[DATASET EXCERPT]
......

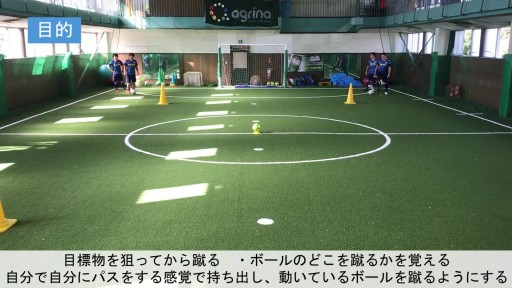 【サッカー  練習メニュー】キックターゲット(動いているボールを蹴る)
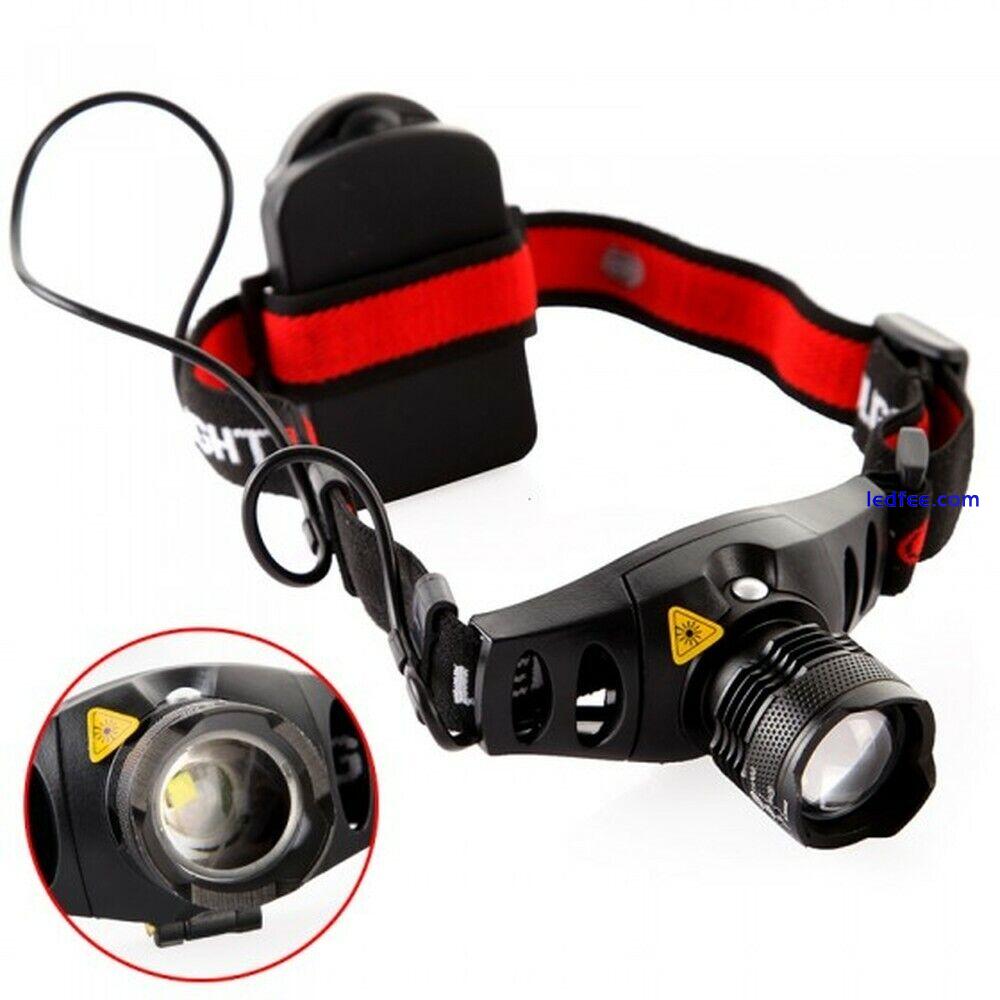 LED Zoomable Headlight Headlamp Head Torch Flashing Lamp For Camping Fishing 3 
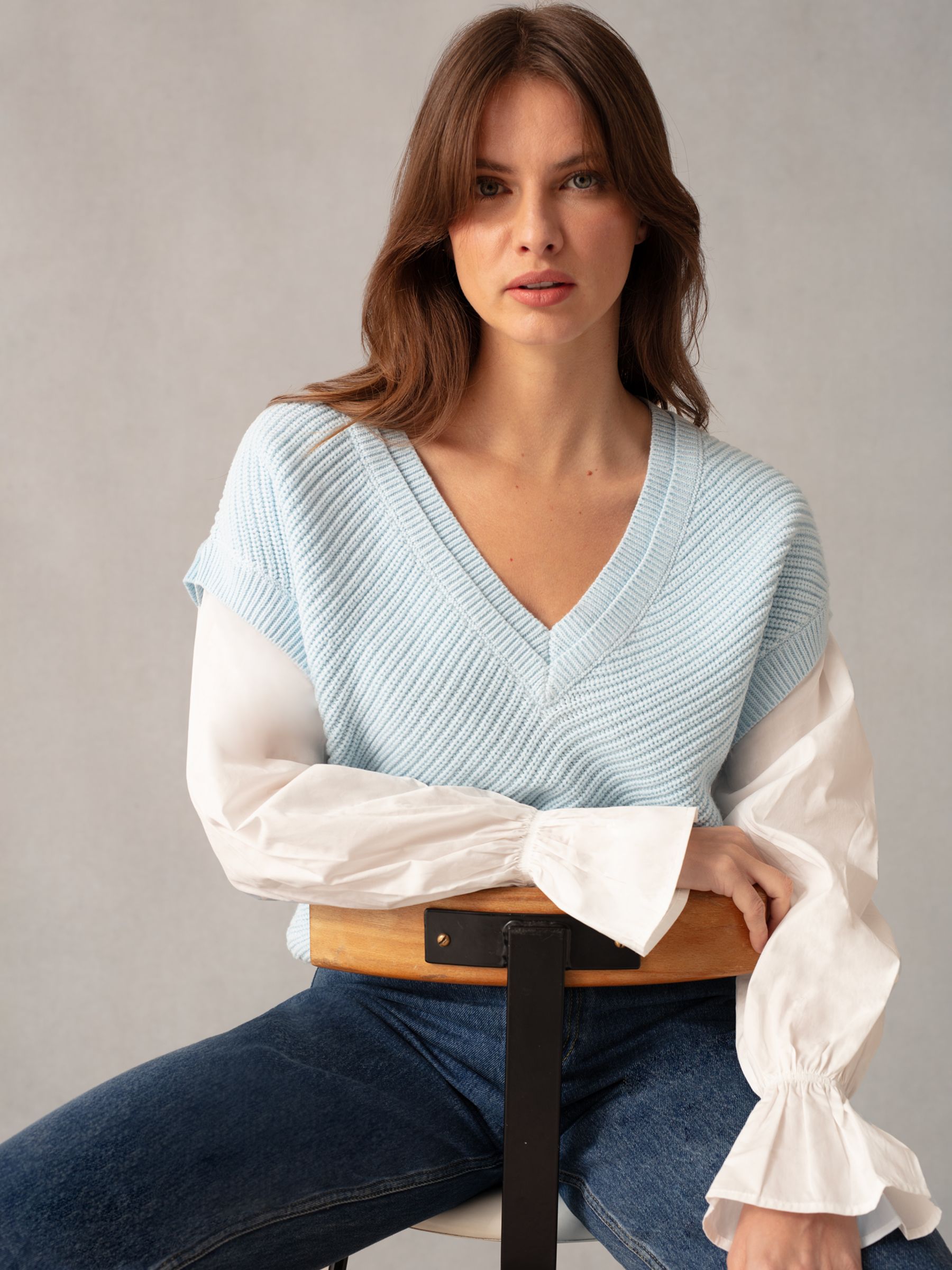 Ro&Zo 2-in-1 Shirt Sleeve Jumper, Blue/White at John Lewis & Partners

......

[INSTRUCTIONS FOR THE TASK]
Copy nothing but the lines from the line that contains "LED Zoomable Headlight" through the end of the listing, exactly, and keep pictures out of it.

[SOLUTION TO THIS PROBLEM]
 LED Zoomable Headlight Headlamp Head Torch Flashing Lamp For Camping Fishing 3 
 Ro&Zo 2-in-1 Shirt Sleeve Jumper, Blue/White at John Lewis & Partners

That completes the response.